Kentucky Derby Winner Funny Cide Returns to Churchill Downs to Greet Medal of Honor Recipients
Oct 04, 2011 John Asher
Sackatoga Stable’s Funny Cide, winner of the 2003 Kentucky Derby and one of the most popular winners of the “Run for the Roses” in recent years, will return to the site of his greatest triumph when he travels to Churchill Downs on Saturday, Oct. 1 to greet living recipients of the United States’ Medal of Honor and other guests as part of the Congressional Medal of Honor Society Convention underway this week in Louisville, Ky.
Funny Cide, who is now 11 years old and resides at the Kentucky Horse Park in Lexington, Ky., will be in Churchill Downs paddock as Medal of Honor recipients and guests arrive for a noon (all times Eastern) luncheon and other activities at the historic home of the Kentucky Derby. He is scheduled to travel Churchill Downs by van from the Kentucky Horse Park Saturday morning, and will walk from the stable area to the paddock around 11:15 a.m.. Funny Cide will be available to pose for pictures with Medal of Honor recipients while in the paddock.

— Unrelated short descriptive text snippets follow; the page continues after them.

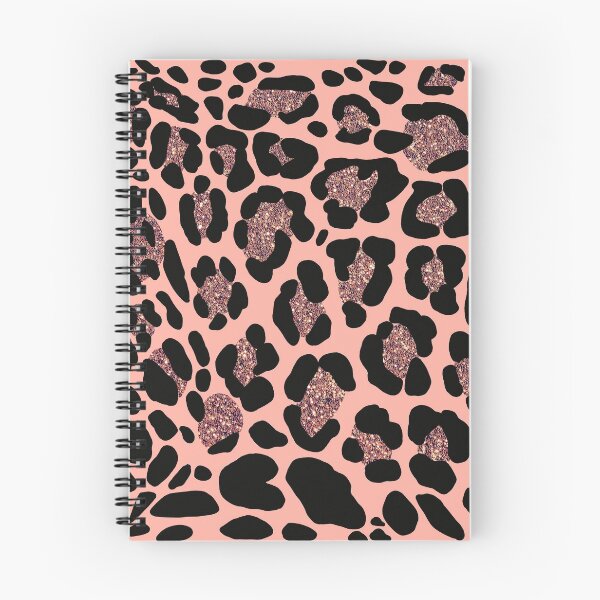 Item preview, Pink glitter leopard print designed and sold by SJAPhoto.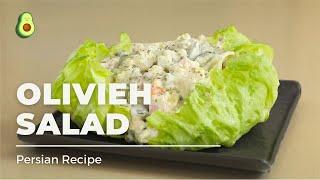 Olivieh Salad | Persian Recipe | #shorts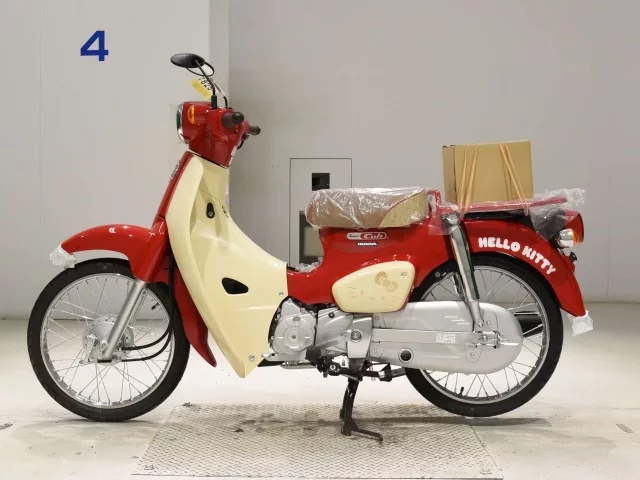 Honda C50-3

Saturday’s Congressional Medal of Honor Convention gathering at Churchill Downs is a ticketed event and is not open to the general public.
“This is really wonderful,” said Jack Knowlton, the managing partner of Sackatoga Stable via telephone from Saratoga Springs, NY. “We are honored to have Funny Cide be part of this special day that honors America’s greatest heroes. The Medal of Honor is our country’s highest military honor and its distinguished recipients displayed incredible bravery, character and compassion in the most difficult of situations. In our sport and industry, there is no greater achievement than winning the Kentucky Derby, one of the world’s great sports events, and we hope Funny Cide’s presence as one of only 137 horses that have won this historic race will make the visit to Churchill Downs by the Medal of Honor recipients even more memorable and special.”

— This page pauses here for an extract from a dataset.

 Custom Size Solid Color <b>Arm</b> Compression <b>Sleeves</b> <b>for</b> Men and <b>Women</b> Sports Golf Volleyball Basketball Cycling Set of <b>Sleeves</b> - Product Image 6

Funny Cide followed his Kentucky Derby victory with an emphatic 9 ¾-length victory in the Preakness, the second jewel of racing’s Triple Crown, but fell short in his bid for that rare three-race sweep when he finished third to Empire Maker in the Belmont Stakes. The first gelding to win the Kentucky Derby since 1929, the New York-bred son of Distorted Humor was named America’s champion 3-year-old of 2003. He raced four more seasons and completed his career with a win in the Wadsworth Memorial Handicap at New York’s Finger Lakes on July 7, 2007.
Bred by WinStar Farm and rained by Barclay Tagg, Funny Cide raced 38 times in his career with a record of 11-6-8 and earnings of $3,529,412. He moved to the Kentucky Horse Park in December, 2008 after a brief career as a stable pony for Tagg’s New York-based stable.